TIGGER THE CRITIC
It was just me and my eight-year-old today. We did what any mother-daughter duo would
do—packed up our respective laptops and went to the coffee shop. Tigger had a history report to write, and I
needed to pound out an entry for an essay contest, per this week’s goals.
We chose a large table and sat across from each other,
sipping our drinks from paper cups and tapping on our keyboards. After 20 minutes, Tigger said she needed a
break. I sent her to the bookstore
attached to the coffee shop and continued working.
In short order, Tigger came running back clutching a book
(the one above) that she absolutely, positively, had to have. “Will you buy it for me pleeeeeease?”
“If you finish a first draft of your report before we leave
here, I’ll buy the book for you.”
With renewed interest, she sat down and wrote, occasionally
stopping to check her reference books. I
pulled out my best dry humor to make the anecdote I was writing amusing yet
true-to-life. We finished at the same
time and exchanged computers.
“Read that and tell me if it’s funny,” I said.

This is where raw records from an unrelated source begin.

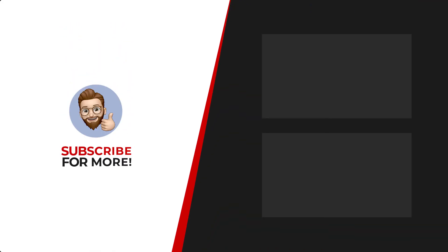Thanks for watching. If you'd like to see more content like this, be sure to check out the channel and if you like what you see, don't forget to hit that subscribe button.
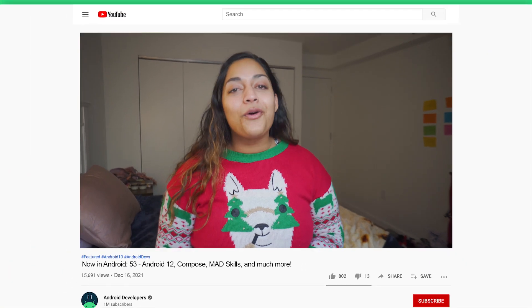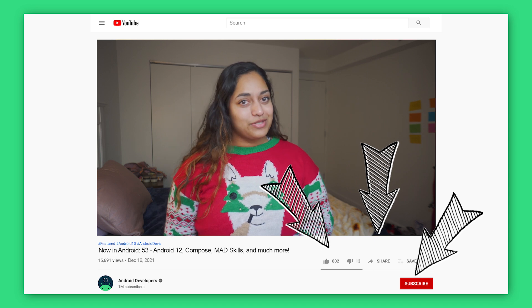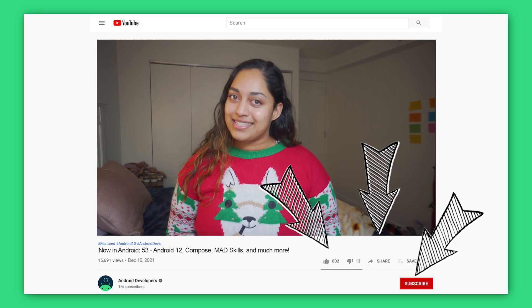For ongoing Android content, you can check out our blog, Medium, YouTube channel, and podcast, all linked below. Thank you for tuning in, building great apps, giving feedback, and being part of our worldwide developer community. We'll be back in 2022 with more Android updates.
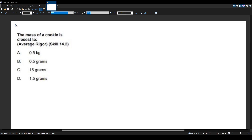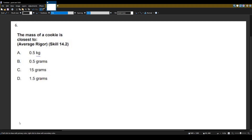One thing you might notice is that answer choice A is in kilograms, which might imply that it's really heavy. So it could definitely not be A — you could assume that, which will be the case — but it's not good to assume just based on the unit, because the number in front also affects what we're working with.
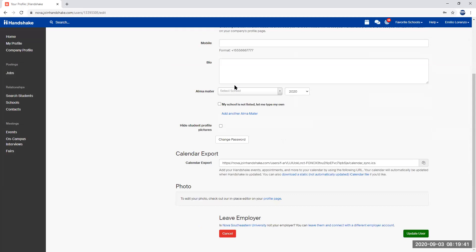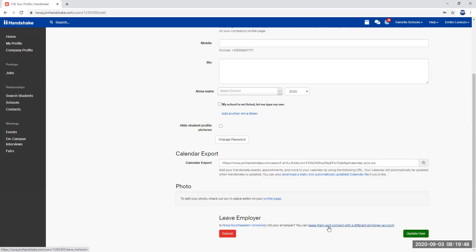You're going to scroll all the way to the bottom and you're going to see that there's a message leave employer and then you're going to have a clickable button that says you can leave them and connect with a different employer account. So we're going to go ahead and click on that.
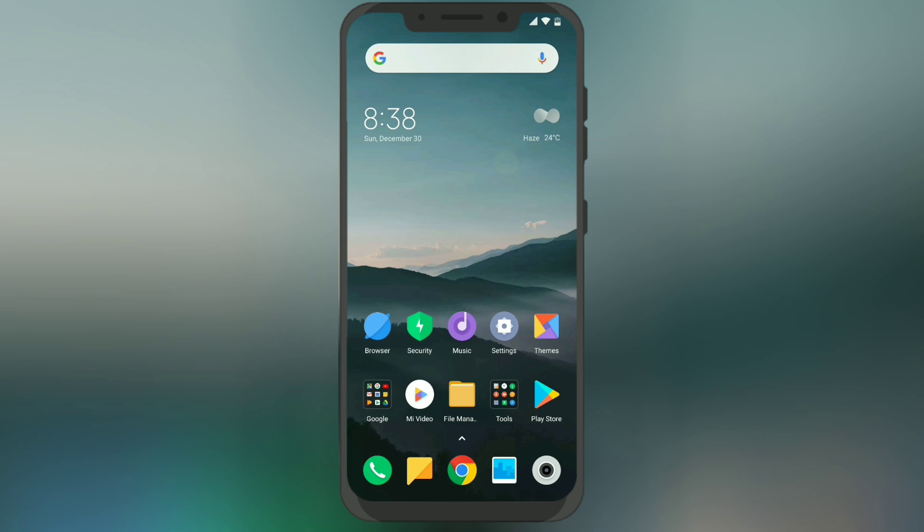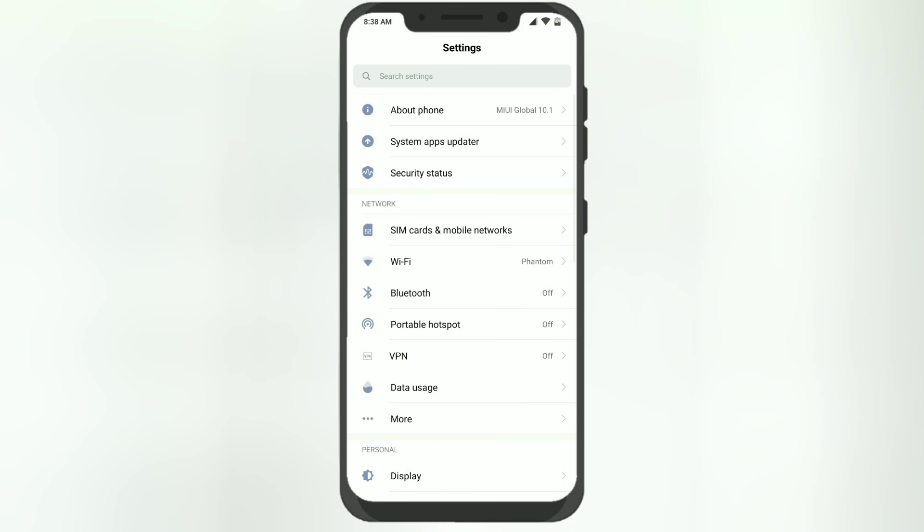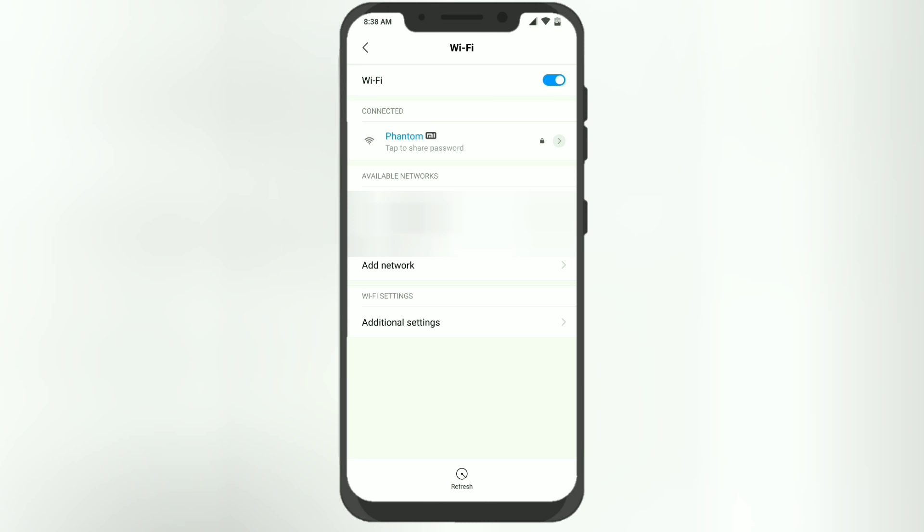Okay, so if I go to my Wi-Fi settings you'll see that only 2.4 gigahertz Wi-Fi is shown, even though I have both 2.4 gigahertz and 5 gigahertz Wi-Fi turned on.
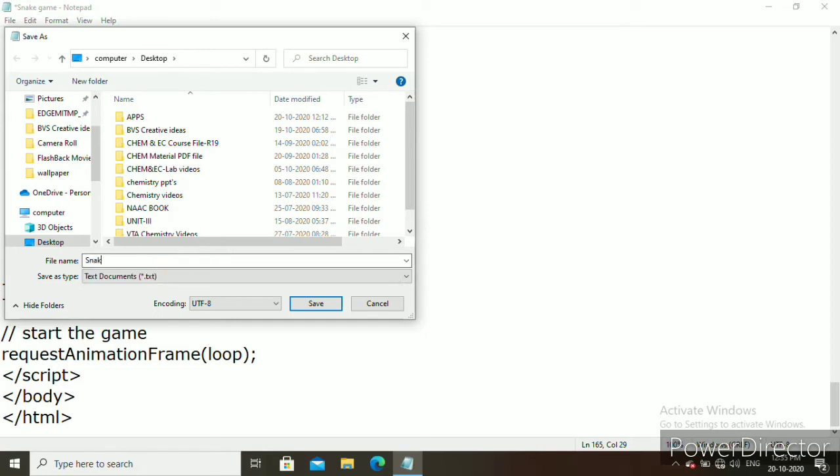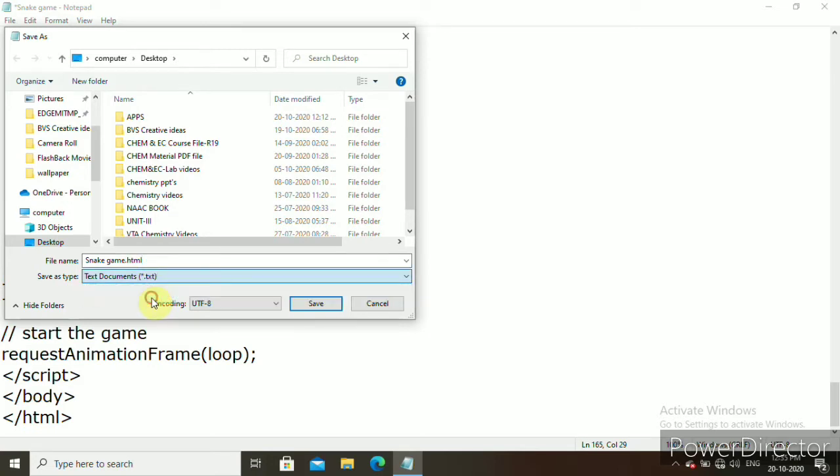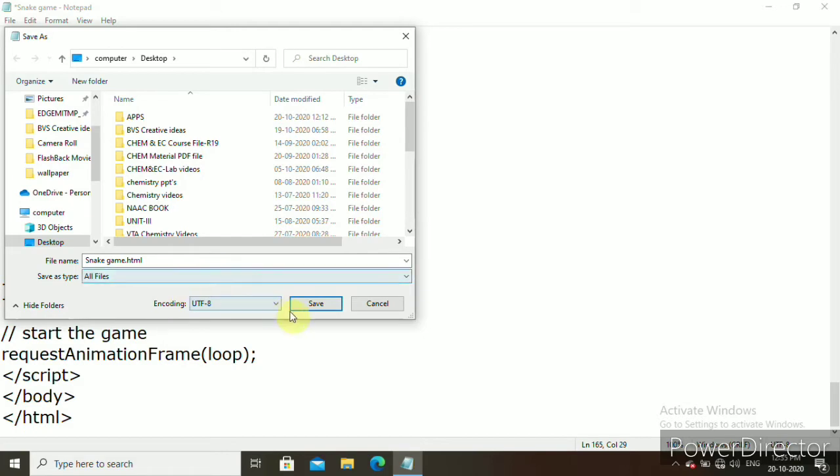Save as snake game dot HTML. Save as a type of all files and click save.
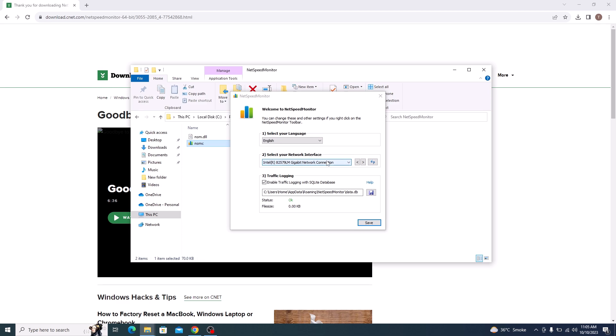Here, choose your language and network interface. Make sure to uncheck the option 'Enable Traffic Logging' by clicking on it. Now click on the Save button.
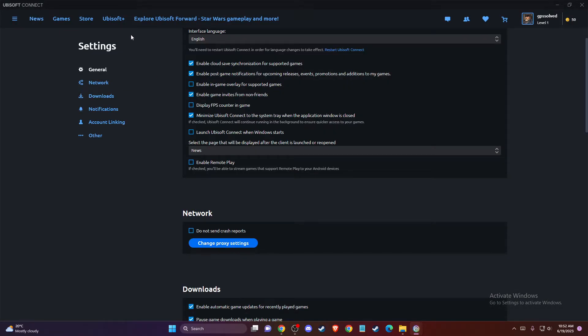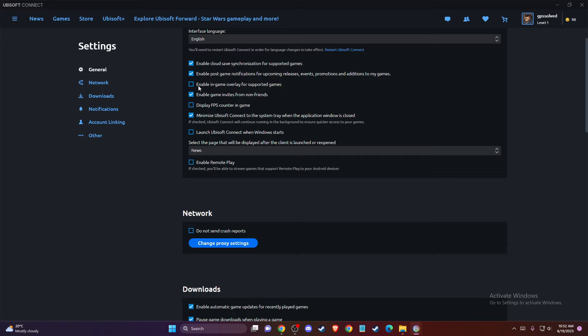Once you are in the settings, you need to press on General. The third option will be 'Enable in-game overlay for supported games.'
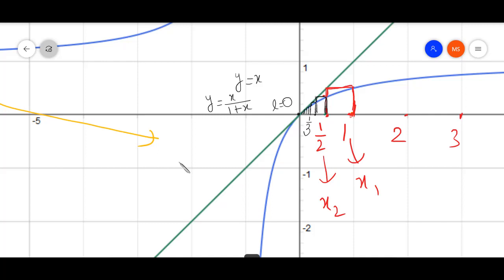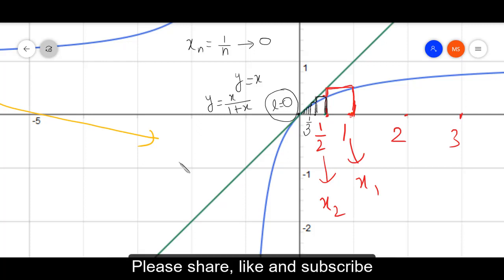Our sequence was x_N equals 1 over N, and as N tends to infinity, 1 over N tends to 0. We are getting exactly the same result and representing it geometrically: all terms 1, 1 over 2, 1 over 3, 1 over 4, 1 over 5, 1 over 6, eventually tend towards L equals 0. This is the beautiful geometric explanation of the concept of convergence.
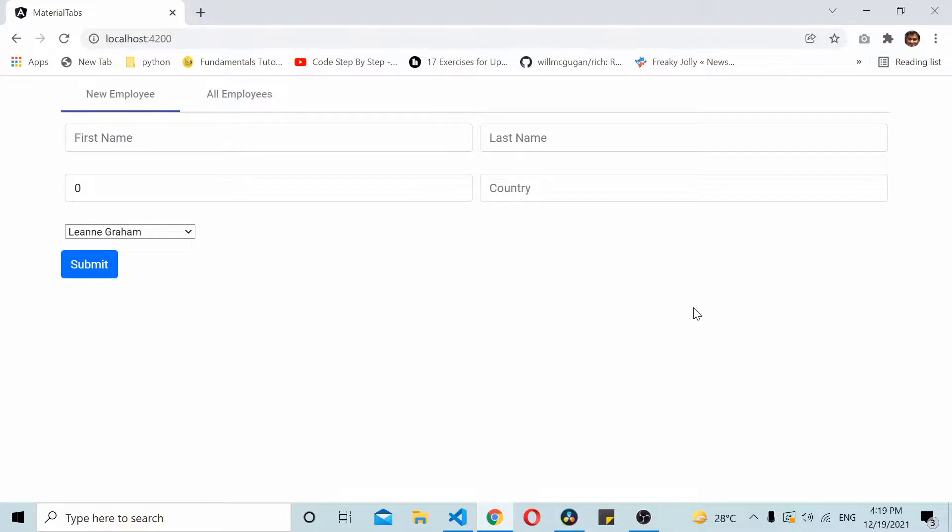First let's try to understand why you require this other way of passing data from the parent to the child when you already have @Input.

I examined Tigger’s report and noted a few missing
elements. I gave her suggestions for
improvement, along with lots of praise for being detailed and organized.
I gestured at my computer.
“What do you think, is it funny?”
Tigger looked uncomfortable.
“Well, I don’t get it.”
“You don’t get what?”
“What’s supposed to be funny about it?”
I guess my first draft needs some work, too.
EDIT: What the heck happened to my quotes and apostrophes? Xanga Gods are capricious, to say the least.